The data
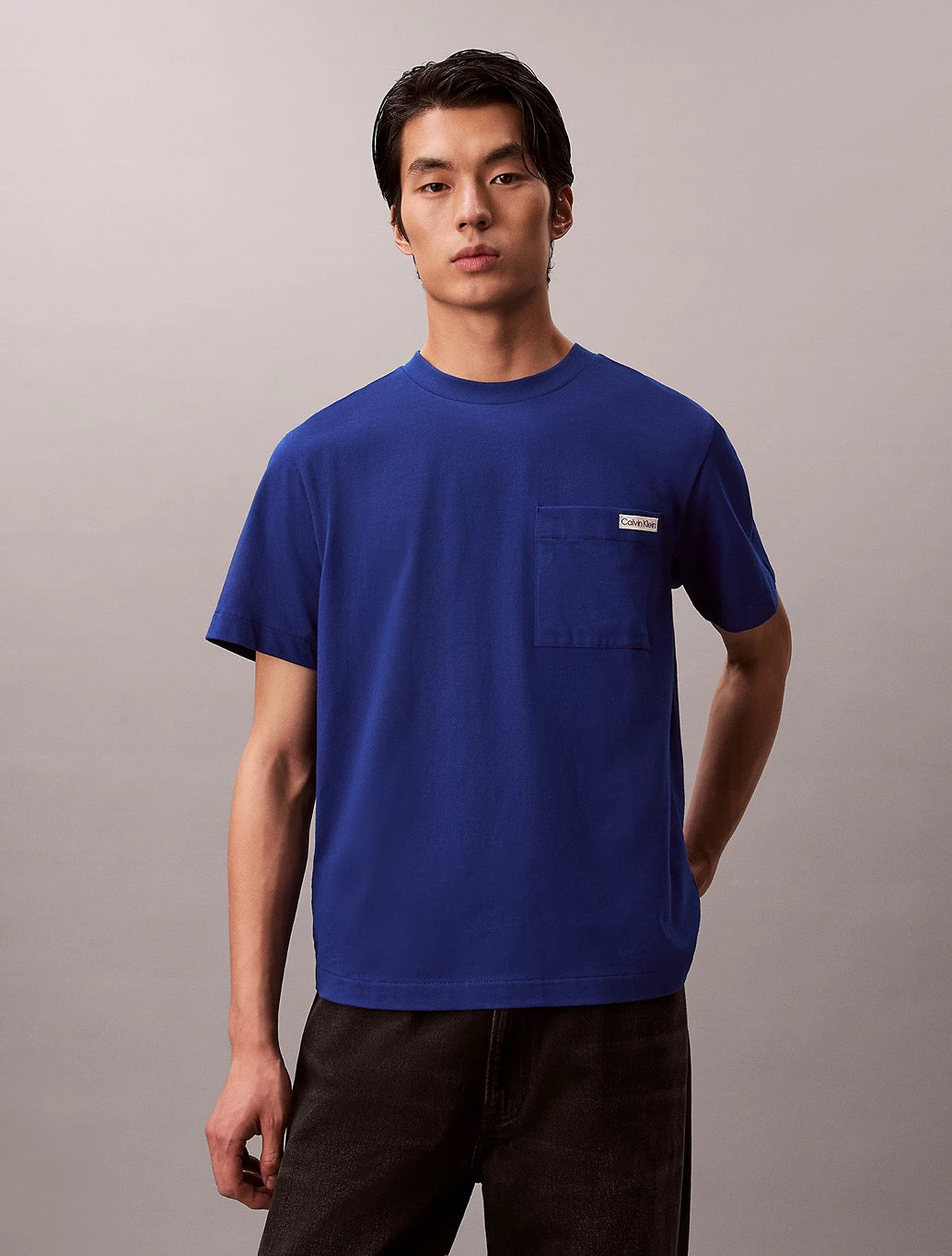 Calvin Klein Pocket Logo T-Shirt in Dark Blue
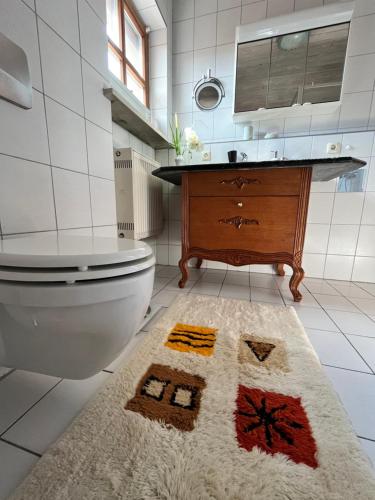 a bathroom with a toilet and a sink at Zimmer zum Wohlfühlen in Eching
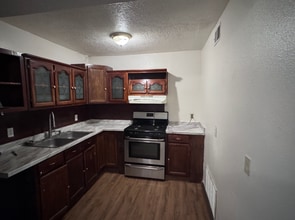 240 Wheeler Ave SE in Albuquerque, NM - Building Photo - Building Photo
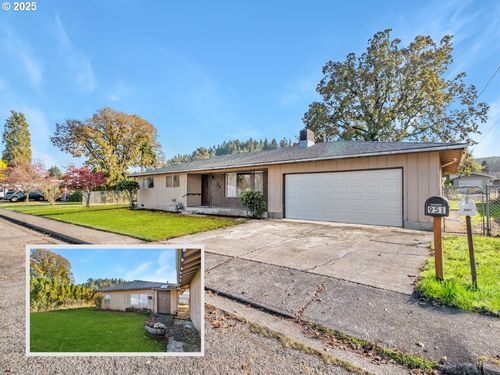 951 Dogwood St, Sweet Home, OR, 97386-3416 | Card Image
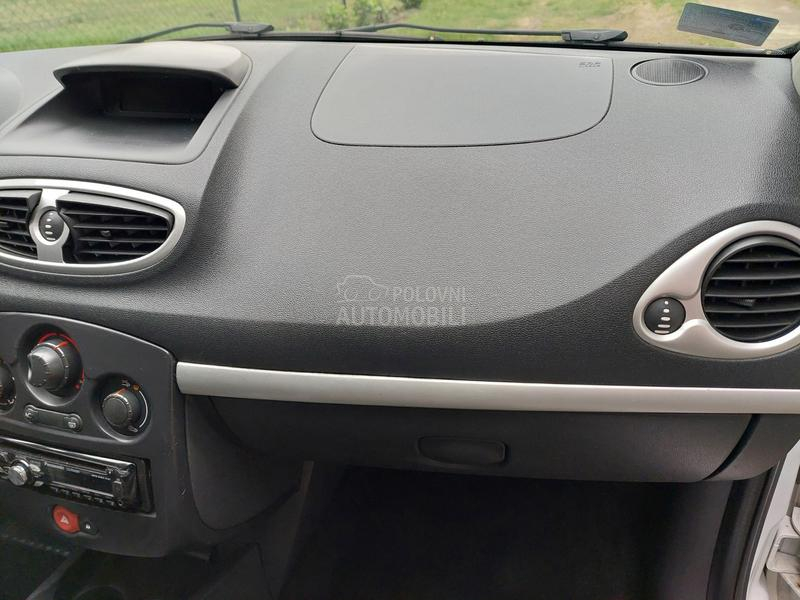 Renault Clio 1.2 16v Authentique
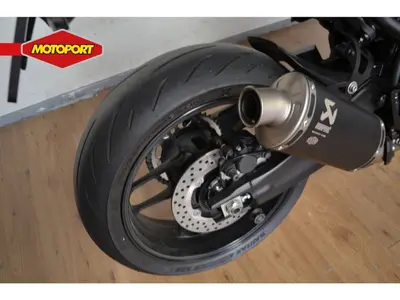 YAMAHA XSR 900 – foto 4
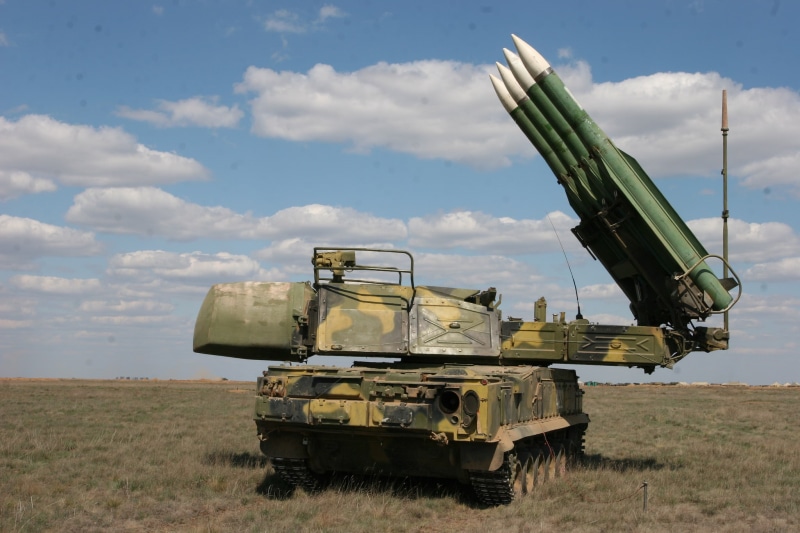 installation, tank, Buk-M2, camouflage, green, 1080P, anti-aircraft missile, brown, self-propelled, field, the sky, complex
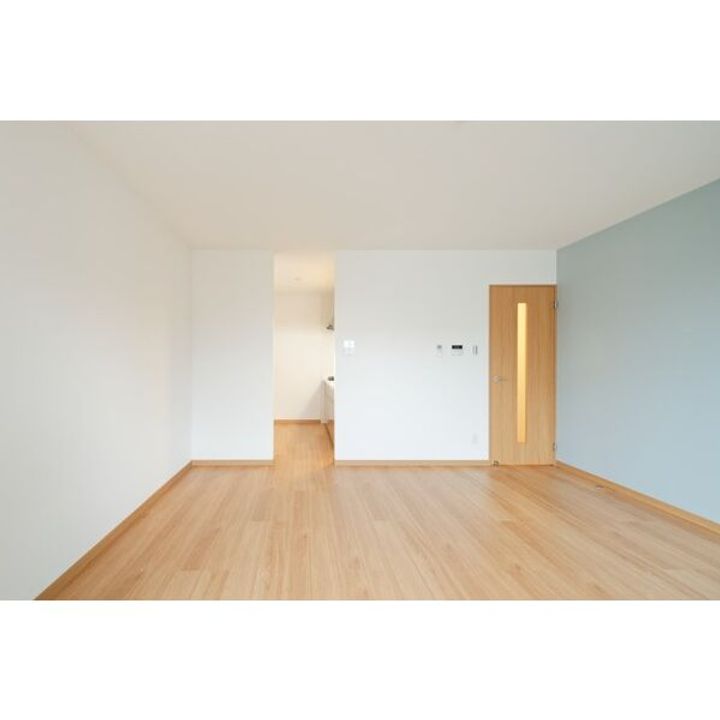 三重県四日市市曙町(一戸建)の賃貸物件の居間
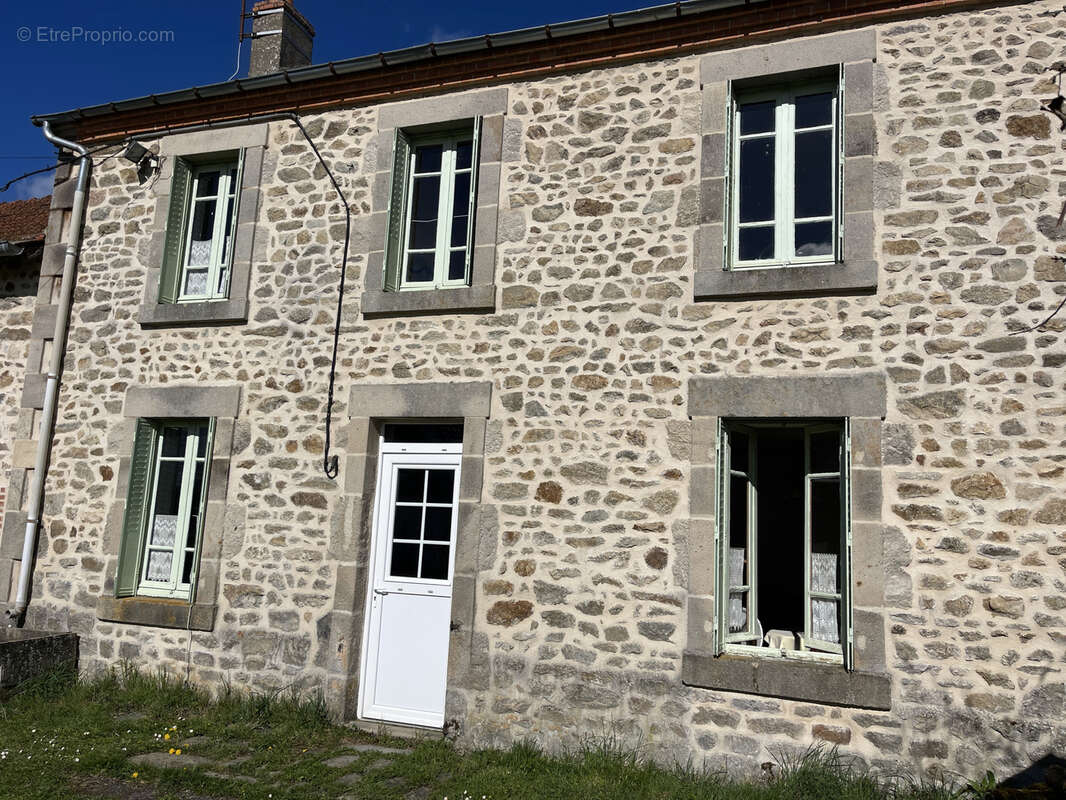 Maison à MARCILLAT-EN-COMBRAILLE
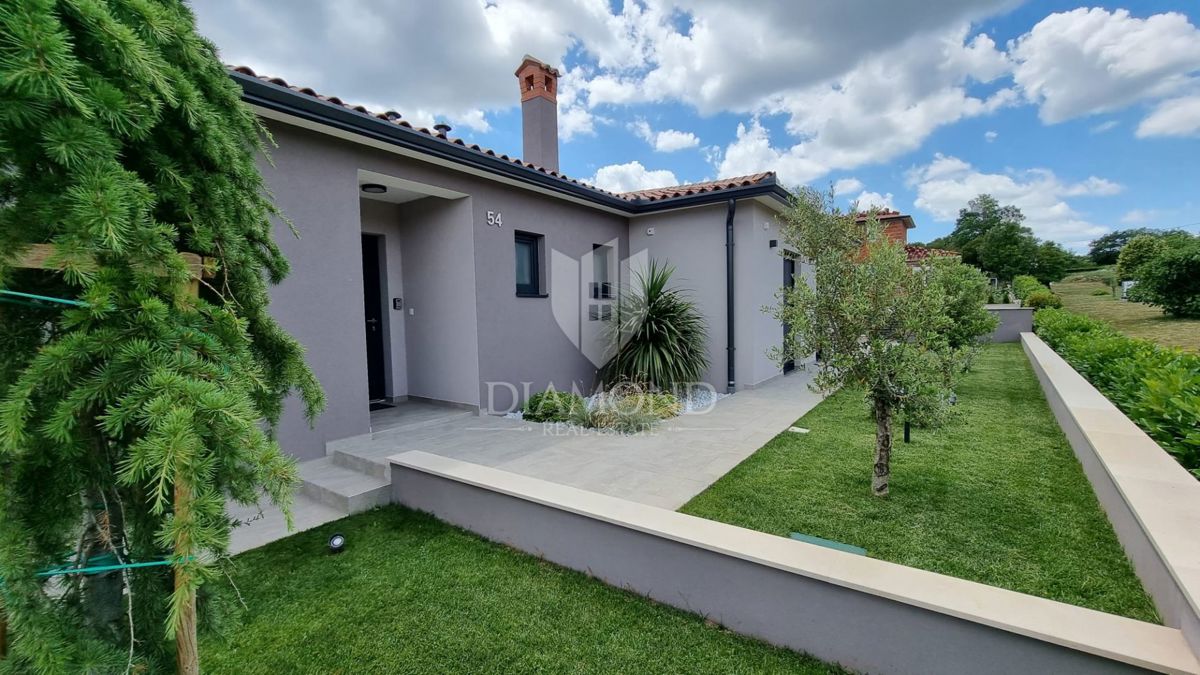 Labin, una bella casa a un piano con piscina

Activity
Nothing but an exact transcription of the material, without pictures, should be returned.

Exercise output
 Calvin Klein Pocket Logo T-Shirt in Dark Blue
 a bathroom with a toilet and a sink at Zimmer zum Wohlfühlen in Eching
 240 Wheeler Ave SE in Albuquerque, NM - Building Photo - Building Photo
 951 Dogwood St, Sweet Home, OR, 97386-3416 | Card Image
 Renault Clio 1.2 16v Authentique
 YAMAHA XSR 900 – foto 4
 installation, tank, Buk-M2, camouflage, green, 1080P, anti-aircraft missile, brown, self-propelled, field, the sky, complex
 三重県四日市市曙町(一戸建)の賃貸物件の居間
 Maison à MARCILLAT-EN-COMBRAILLE
 Labin, una bella casa a un piano con piscina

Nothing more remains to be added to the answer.